Po wojnie najbardziej znany model trzeciej drogi między kapitalizmem a komunizmem został wypracowany i zrealizowany w Niemieckiej Republice Federalnej przez Alfreda Müller–Armacka i kanclerza Ludwiga Erharda, jako model społecznej gospodarki rynkowej. Przedsiębiorstwo w tej koncepcji jest traktowane jako wspólnota pracujących; pracownicy uczestniczyli w zarządzaniu (związki zawodowe, rady zakładowe i rady nadzorcze) oraz w zyskach. Zmierzano do zapewnienia każdemu wolności i odpowiedzialności w życiu gospodarczym, wspierając drobną i średnią przedsiębiorczość oraz stawiając tamę monopolizacji.

Państwo rozbudowało instytucje regulujące ten porządek, poszerzyło znacznie opiekę społeczną oraz wspierało finansowo rozwój budownictwa mieszkaniowego. Doprowadziło to do niezwykle szybkiego wzrostu, nazywanego cudem gospodarczym. Silnie progresywny system podatkowy stymulował małe rozpiętości płacowe [4]). Obowiązywał solidaryzm, dobrowolne układy zbiorowe oraz ustawowe płace minimalne. Zapewniało to w znacznym stopniu równowagę i pokój społeczny.

Sukces niemieckiej gospodarki rynkowej wzbudził wielkie zainteresowanie w innych krajach i chęć naśladowania. Podobne rozwiązania jak w Niemczech, ale dostosowane do krajowej struktury majątkowej, gospodarczej i tradycji, wprowadzone zostały w Austrii, Szwecji, Danii, Finlandii, a także w Holandii.

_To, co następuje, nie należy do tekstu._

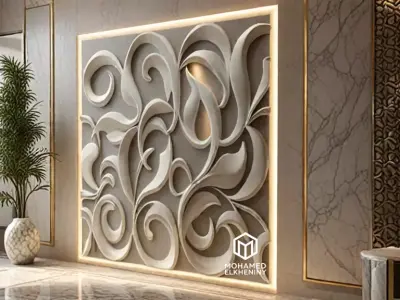 modern panel wall decor set wall relief mural CNC 128 3D model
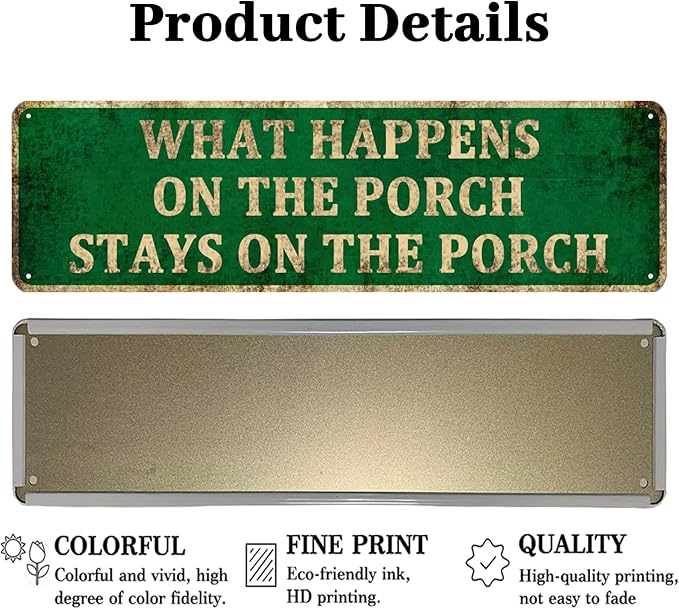 KIOZIY What Happens On The Porch Stays On The Porch 4" x 16" Aluminum Novelty Sign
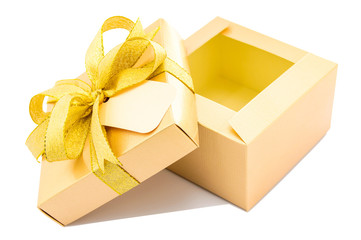 Golden gift box open up on white background.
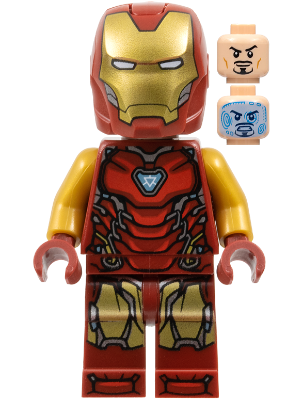 Iron Man - Mark 85 Armor, Large Helmet Visor, Thick Red Markings on Torso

Częściowo realizowała je również po wojnie Francja generała Charles de Gaulla i wiele z tego pozostało do dziś.

Wymienia się następujące, trwałe wartości trzeciej drogi: równość szans i wolności obywateli, obrona słabszych, wolność i autonomia działalności oraz zasady: „Nie ma praw bez obowiązków, nie ma autorytetu władzy bez demokracji”. Współistniejące, dobrze sprawdzone i podstawowe cechy tej gospodarki to: zrównoważona, społeczna i ekologiczna, regulowana przez państwo gospodarka rynkowa trwałego rozwoju. Łączyć się z nią powinna demokratyzacja polityczna i gospodarcza, sprawiedliwość i solidaryzm, powszechność własności i pracy oraz aktywność obywatelska.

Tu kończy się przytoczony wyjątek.